> _EXERCISE_
Please write out exactly the lines of the data below from the line holding "高台寺(高台寿聖禅寺・高臺寺)(京都府)" through the line holding "Owlet Craig Owlet Craig", and leave out the rest.
_ _ _
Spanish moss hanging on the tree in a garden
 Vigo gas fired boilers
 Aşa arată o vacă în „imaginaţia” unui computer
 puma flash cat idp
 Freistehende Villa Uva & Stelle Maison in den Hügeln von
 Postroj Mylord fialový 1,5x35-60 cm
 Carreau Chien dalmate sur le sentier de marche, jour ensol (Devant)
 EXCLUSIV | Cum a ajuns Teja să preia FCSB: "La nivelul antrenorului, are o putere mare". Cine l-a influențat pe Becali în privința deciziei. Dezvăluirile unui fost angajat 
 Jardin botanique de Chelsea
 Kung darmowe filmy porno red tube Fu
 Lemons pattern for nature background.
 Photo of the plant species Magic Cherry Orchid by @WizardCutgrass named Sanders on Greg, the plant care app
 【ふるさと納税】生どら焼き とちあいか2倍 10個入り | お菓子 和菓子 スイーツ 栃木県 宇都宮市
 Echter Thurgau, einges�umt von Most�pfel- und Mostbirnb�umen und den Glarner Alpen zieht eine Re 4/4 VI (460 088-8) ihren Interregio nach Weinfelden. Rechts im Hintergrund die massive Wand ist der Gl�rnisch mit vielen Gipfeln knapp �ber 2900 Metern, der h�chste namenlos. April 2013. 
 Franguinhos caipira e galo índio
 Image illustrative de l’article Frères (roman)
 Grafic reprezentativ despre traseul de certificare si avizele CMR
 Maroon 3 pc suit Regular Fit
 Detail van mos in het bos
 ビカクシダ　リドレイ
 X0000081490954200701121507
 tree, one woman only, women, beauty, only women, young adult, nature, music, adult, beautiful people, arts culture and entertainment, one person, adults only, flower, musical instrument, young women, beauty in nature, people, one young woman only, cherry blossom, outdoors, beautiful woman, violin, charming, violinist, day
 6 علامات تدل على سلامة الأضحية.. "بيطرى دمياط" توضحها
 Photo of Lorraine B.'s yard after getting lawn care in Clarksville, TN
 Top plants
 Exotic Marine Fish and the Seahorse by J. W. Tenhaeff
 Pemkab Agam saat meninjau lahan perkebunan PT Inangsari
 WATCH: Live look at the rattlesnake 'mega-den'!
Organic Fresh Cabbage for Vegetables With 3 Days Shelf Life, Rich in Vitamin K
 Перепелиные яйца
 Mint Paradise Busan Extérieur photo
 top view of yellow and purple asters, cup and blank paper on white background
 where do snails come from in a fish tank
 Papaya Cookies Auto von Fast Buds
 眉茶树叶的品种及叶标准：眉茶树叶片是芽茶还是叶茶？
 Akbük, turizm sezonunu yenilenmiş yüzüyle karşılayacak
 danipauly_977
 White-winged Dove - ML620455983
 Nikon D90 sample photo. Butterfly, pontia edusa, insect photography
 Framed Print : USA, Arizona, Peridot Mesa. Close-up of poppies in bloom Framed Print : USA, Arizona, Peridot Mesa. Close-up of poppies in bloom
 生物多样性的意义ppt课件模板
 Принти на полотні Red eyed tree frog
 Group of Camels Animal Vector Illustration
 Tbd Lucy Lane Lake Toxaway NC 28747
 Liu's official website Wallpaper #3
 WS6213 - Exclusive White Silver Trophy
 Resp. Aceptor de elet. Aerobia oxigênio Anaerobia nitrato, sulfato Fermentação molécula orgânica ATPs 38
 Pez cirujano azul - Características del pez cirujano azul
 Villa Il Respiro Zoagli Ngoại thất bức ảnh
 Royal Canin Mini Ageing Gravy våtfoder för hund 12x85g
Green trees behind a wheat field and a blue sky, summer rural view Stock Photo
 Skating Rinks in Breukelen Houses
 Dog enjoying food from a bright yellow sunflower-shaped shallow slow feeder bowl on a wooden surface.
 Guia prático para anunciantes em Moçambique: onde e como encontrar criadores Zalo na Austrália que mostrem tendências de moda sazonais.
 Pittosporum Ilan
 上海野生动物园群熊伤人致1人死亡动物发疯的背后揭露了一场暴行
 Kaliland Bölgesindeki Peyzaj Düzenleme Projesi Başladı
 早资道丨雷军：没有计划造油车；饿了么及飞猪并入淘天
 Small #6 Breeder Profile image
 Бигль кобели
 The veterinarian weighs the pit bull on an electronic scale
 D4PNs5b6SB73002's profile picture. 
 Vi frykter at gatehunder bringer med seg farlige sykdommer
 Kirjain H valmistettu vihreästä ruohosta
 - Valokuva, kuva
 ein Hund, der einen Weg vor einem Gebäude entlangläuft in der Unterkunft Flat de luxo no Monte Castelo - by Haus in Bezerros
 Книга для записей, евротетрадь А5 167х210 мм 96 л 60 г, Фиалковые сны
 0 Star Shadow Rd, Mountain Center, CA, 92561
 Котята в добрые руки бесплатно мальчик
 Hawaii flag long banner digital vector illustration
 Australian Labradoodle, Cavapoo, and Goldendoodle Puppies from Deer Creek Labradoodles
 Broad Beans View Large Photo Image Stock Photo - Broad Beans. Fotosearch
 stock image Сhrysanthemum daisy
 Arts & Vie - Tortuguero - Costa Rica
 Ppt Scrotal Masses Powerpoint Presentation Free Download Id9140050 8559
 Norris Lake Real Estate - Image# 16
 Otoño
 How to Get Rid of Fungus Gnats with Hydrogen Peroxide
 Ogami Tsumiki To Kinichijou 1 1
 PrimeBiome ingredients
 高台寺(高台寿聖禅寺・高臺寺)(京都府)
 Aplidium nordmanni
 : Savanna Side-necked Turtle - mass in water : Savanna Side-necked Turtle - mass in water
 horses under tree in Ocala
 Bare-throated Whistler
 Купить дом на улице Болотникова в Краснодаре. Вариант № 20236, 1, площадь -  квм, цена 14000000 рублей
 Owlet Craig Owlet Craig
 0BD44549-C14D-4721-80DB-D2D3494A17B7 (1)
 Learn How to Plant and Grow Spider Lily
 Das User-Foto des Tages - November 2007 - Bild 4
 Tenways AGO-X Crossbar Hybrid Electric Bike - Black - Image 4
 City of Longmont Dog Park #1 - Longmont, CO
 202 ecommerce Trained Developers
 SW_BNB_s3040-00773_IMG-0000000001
_ _ _
> _EXPECTED ANSWER_
 高台寺(高台寿聖禅寺・高臺寺)(京都府)
 Aplidium nordmanni
 : Savanna Side-necked Turtle - mass in water : Savanna Side-necked Turtle - mass in water
 horses under tree in Ocala
 Bare-throated Whistler
 Купить дом на улице Болотникова в Краснодаре. Вариант № 20236, 1, площадь -  квм, цена 14000000 рублей
 Owlet Craig Owlet Craig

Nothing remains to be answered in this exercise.